Exercise brief
Would you print only the lines running from the one with "at 12 Lydiard Place, Chartwell, Hamilton" to the final line of the data below, word for word and without pictures?

Recorded data
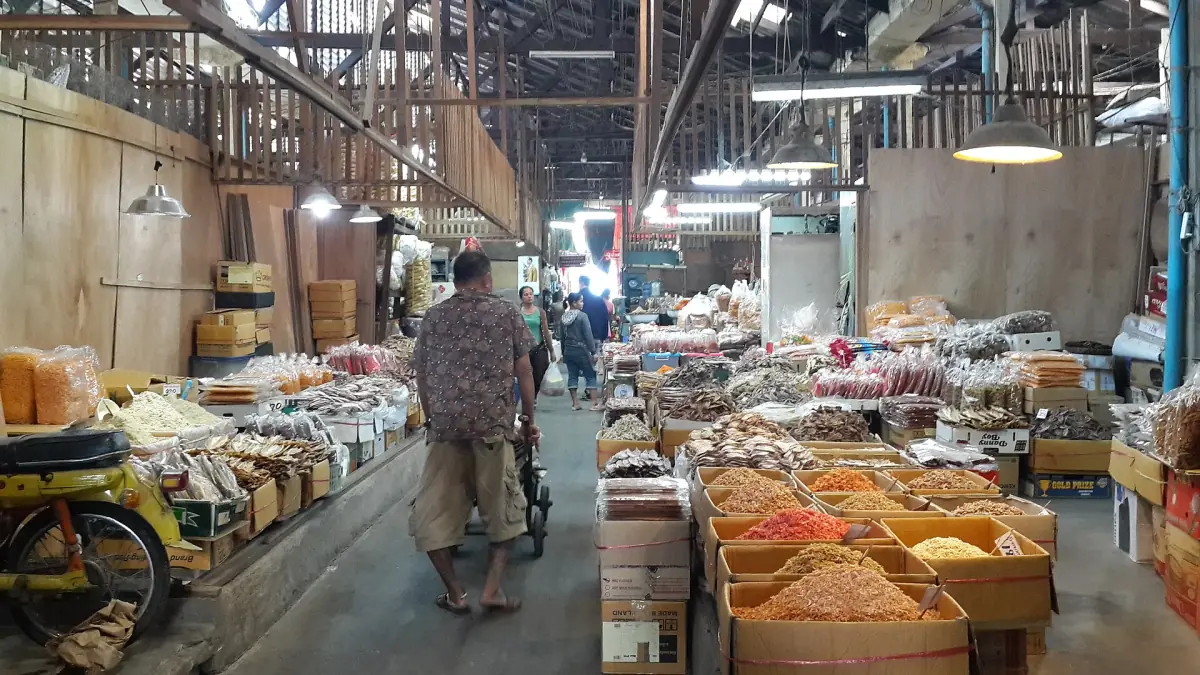 Morning at the Tha Tien market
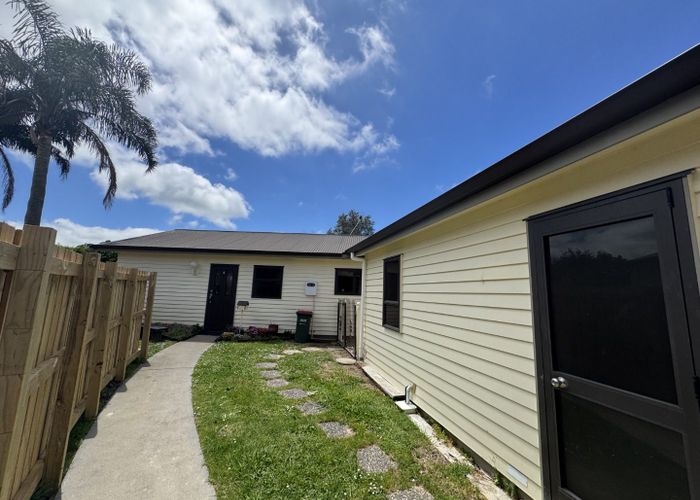  at 12 Lydiard Place, Chartwell, Hamilton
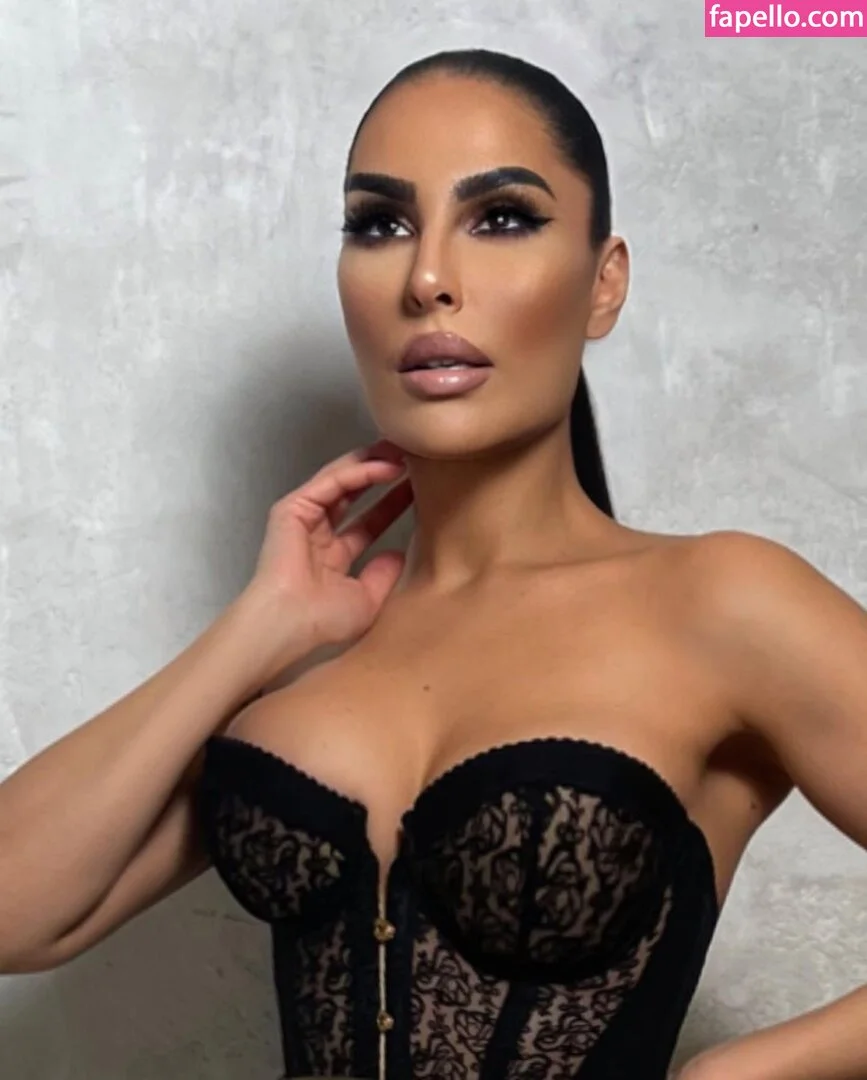 Senna Gammour Onlyfans Photo Gallery 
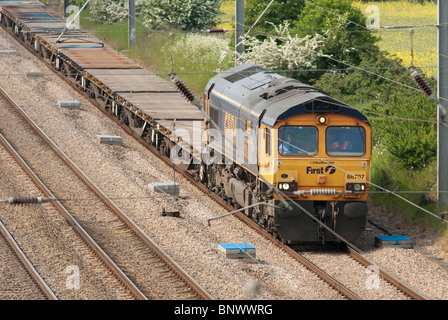 Première Classe 66 Transport GBRF locomotive vide les wagons de fret ferroviaire sur l'anglais. Banque D'Images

Reply to the exercise
  at 12 Lydiard Place, Chartwell, Hamilton
 Senna Gammour Onlyfans Photo Gallery 
 Première Classe 66 Transport GBRF locomotive vide les wagons de fret ferroviaire sur l'anglais. Banque D'Images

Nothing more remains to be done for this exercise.